Be careful with those test files on web servers
I witnessed an interesting corporate security issue a couple of years ago. In the web hosting business, you frequently need test files. People set up streaming servers and you park test videos on them to make sure everything's okay (without looking at their content -- ugh).
In this case, some customer's machine was apparently having problems serving up PDFs in such a way that they would be handled properly by clients. They were either being downloaded when they wanted things to open with a handler or vice-versa. In any case, the tech who wound up working it needed to run some tests.
This person apparently grabbed the first file with a PDF extension they found on their local workstation. It had been mailed out as an attachment to the entire company, and it was a list of everyone in the building, their extensions, and all of the helpful shortcuts we used to reach our remote sites without getting stuck in their phone trees.
They parked that file on the customer's machine and proceeded to test the web server with it. I'm not sure if they forgot or got distracted or what, but they left the file there. Time passed.

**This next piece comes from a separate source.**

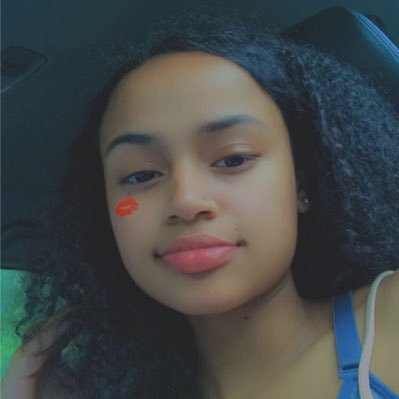 Ski’Lynn Emani Muva💗🤍.. sc:kayla4114 & ig:Miakayla.n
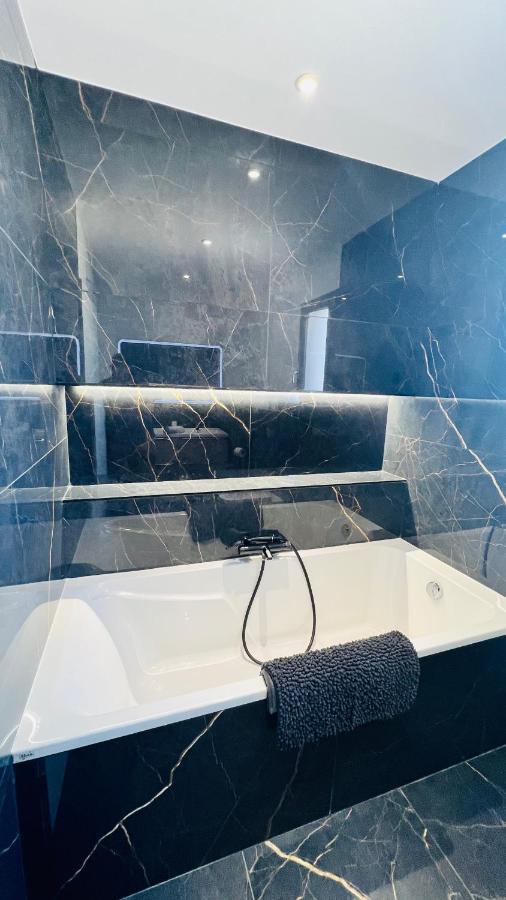 Villa Pescalune Lunel  Ngoại thất bức ảnh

Then, one day a few weeks later, I got an instant message from one of my friends elsewhere in the company: "run a search for '(site name) employee directory' on Google". I did, and was rewarded with a shiny new copy of our directory courtesy of our customer's machine as the #1 hit.
We had a good laugh, but some other people in the company weren't so amused. They were able to take down the offending file, but then we just pointed out that "view cache" was still there, and all of the data was visible. They freaked out a second time and somehow got the cached data taken down, perhaps by making a request directly to Google.
The drama was over, but we all still had a good laugh at it. If you put something online, expect people to find it sooner or later. They will find a way, even if by accident.